[slurm-users] Job allocating more CPUs than requested

Sat Sep 22 08:44:13 MDT 2018

Anecdotally, I’ve had a user cause load averages of 10x the node’s core count. The user caught it and cancelled the job before I noticed it myself. Where I’ve seen it happen live on less severe cases, I’ve never noticed anything other than the excessive load average. Viewed from ‘top’, the offending process was still confined to its 100% CPU or whatever it had reserved.

-- 
Mike Renfro  / HPC Systems Administrator, Information Technology Services
931 372-3601 / Tennessee Tech University

> On Sep 21, 2018, at 11:35 PM, Ryan Novosielski <novosirj at rutgers.edu> wrote:
> 
> I apologize for potentially thread hijacking here, but it's in the
> spirit of the original question I guess.
> 
> We constrain using cgroups, and occasionally someone will request 1
> core (-n1 -c1) and then run something that asks for way more
> cores/threads, or that tries to use the whole machine.
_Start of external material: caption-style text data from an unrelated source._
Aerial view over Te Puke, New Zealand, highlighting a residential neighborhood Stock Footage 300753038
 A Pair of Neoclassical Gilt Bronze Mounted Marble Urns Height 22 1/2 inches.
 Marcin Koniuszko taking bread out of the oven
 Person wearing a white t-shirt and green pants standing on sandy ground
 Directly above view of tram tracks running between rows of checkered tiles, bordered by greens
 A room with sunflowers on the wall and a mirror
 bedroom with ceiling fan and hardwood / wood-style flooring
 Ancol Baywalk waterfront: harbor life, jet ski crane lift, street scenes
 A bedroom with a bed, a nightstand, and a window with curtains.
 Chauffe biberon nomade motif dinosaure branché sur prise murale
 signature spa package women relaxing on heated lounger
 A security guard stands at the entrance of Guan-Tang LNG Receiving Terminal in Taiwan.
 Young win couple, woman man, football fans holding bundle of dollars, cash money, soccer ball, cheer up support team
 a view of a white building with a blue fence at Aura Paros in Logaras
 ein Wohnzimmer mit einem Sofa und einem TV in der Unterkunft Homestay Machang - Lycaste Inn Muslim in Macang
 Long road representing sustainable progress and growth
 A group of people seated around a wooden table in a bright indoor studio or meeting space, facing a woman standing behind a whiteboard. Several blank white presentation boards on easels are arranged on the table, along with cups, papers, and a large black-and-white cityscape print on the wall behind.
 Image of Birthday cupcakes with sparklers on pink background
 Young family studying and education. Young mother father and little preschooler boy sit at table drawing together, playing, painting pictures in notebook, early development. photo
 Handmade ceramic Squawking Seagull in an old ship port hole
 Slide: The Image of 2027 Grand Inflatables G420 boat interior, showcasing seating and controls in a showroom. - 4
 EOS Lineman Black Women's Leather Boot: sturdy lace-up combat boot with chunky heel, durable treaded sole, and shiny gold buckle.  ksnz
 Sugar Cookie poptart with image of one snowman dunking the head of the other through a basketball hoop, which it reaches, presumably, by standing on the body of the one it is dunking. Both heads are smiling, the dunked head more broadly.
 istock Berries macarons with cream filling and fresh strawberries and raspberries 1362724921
They won't
> succeed obviously. Is this any sort of problem? It seems to me that
> trying to run 24 threads on a single core might generate some sort of
> overhead, and that I/O could be increased, but I'm not sure. What I do
> know is that if someone does this -- let's say in the extreme by
> running something -n24 that itself tries to run 24 threads in each
> task -- and someone uses the other 23 cores, you'll end up with a load
> average near 24*24+23. Does this make any difference? We have NHC set
> to offline such nodes, but that affects job preemption. What sort of
> choices do others make in this area?